Cato Unbound looks at foreign aid. First, William Easterly writes,

The two key elements necessary to make aid work, and the absence of which has been fatal to aid’s effectiveness in the past, are FEEDBACK and ACCOUNTABILITY. The needs of the rich get met through feedback and accountability. Consumers tell the firm “this product is worth the price” by buying the product, or decide the product is worthless and return it to the store. Voters tell their elected representatives that “these public services are bad” and the politician tries to fix the problem.

…If a bureaucracy shares responsibilities with other agencies to achieve many different general goals that depend on many other things, then it is not accountable to its intended beneficiaries—the poor. No one aid agent is individually responsible for successfully achieving any one task in the current aid system. Without accountability, then the incentive for finding out what works is weak.

Deepak Lal thinks that Easterly is, if anything, too optimistic.

unlike private charity, foreign aid essentially transfers money from rich country governments to poor country governments.
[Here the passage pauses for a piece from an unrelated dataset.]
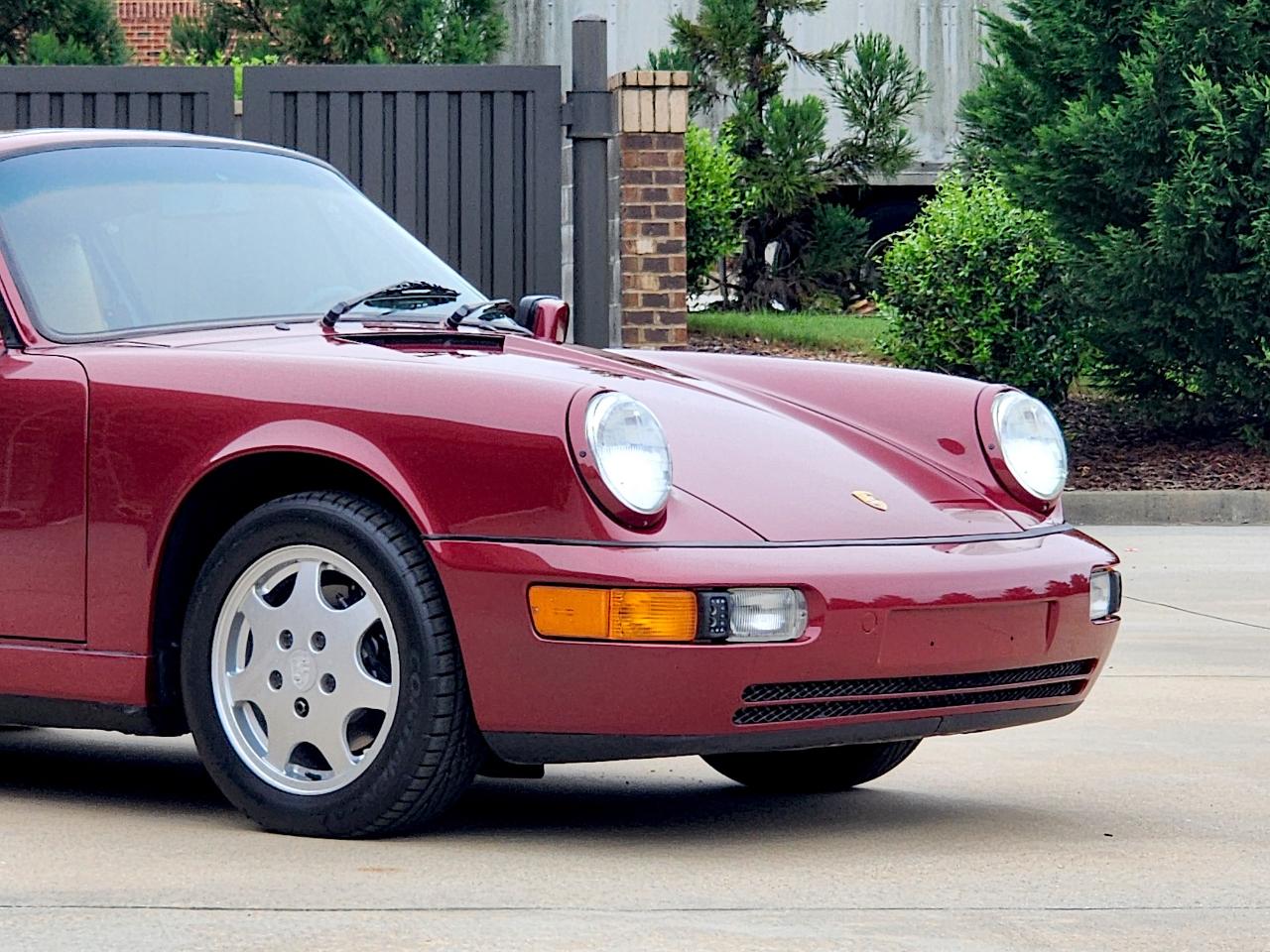 Porsche 911 Carrera 2  1990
How can these donor governments ensure that the recipient governments use these resources for the purposes they were intended? As the history of foreign aid’s failures, particularly in Africa show, despite their promises there is little that the donor governments have been willing or able to do if the recipient governments do not fulfill them. Nor is channeling these flows through international or domestic NGO’s likely to overcome this problem, for these so-called “agents of civil society” too can be coerced or co-opted by predatory governments. That is why in a recent book I had argued that short of direct or indirect imperialism there seems to be little hope of overcoming the domestic political obstacles to the efficient utilization of foreign aid, particularly in Africa

Finally, a modest dissent from Steve Radelet.
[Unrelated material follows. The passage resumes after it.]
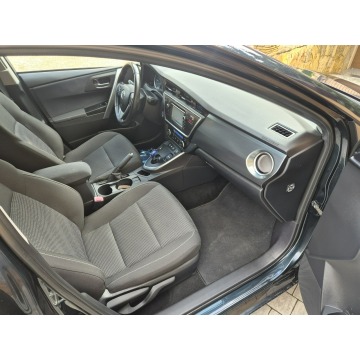 Toyota Auris  Kombi 2014,  1.8 hybryda - Na sprzedaż za 37 900 zł - Radom - zdjęcie 11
First, the rich countries have given very modest amounts of aid. Second, aid has achieved very modest results in many places, strong results in a few, and failure in others. Third, aid is no panacea – trade policies, institutions, decent governance and the rule of law, private entrepreneurship, and investments in health and education are the mainstays for growth. But aid can help and has helped on the margin in very poor countries, at least in some circumstances.

It seems to me that one of Radelet’s point is that a lot of “aid” is really something else. Often, that something else is favoritism for corporations based in the donor countries. The effectiveness of aid is reduced by corruption in the donors as well as by corruption in the recipients.

Maybe we should handle foreign aid the way Tyler Cowen thinks that we handle subsidies for the arts. That is, by using tax preferences and matching grants, we could subsidize “patrons of the poor.” Individual donors might fight corruption at both ends of the foreign aid chain.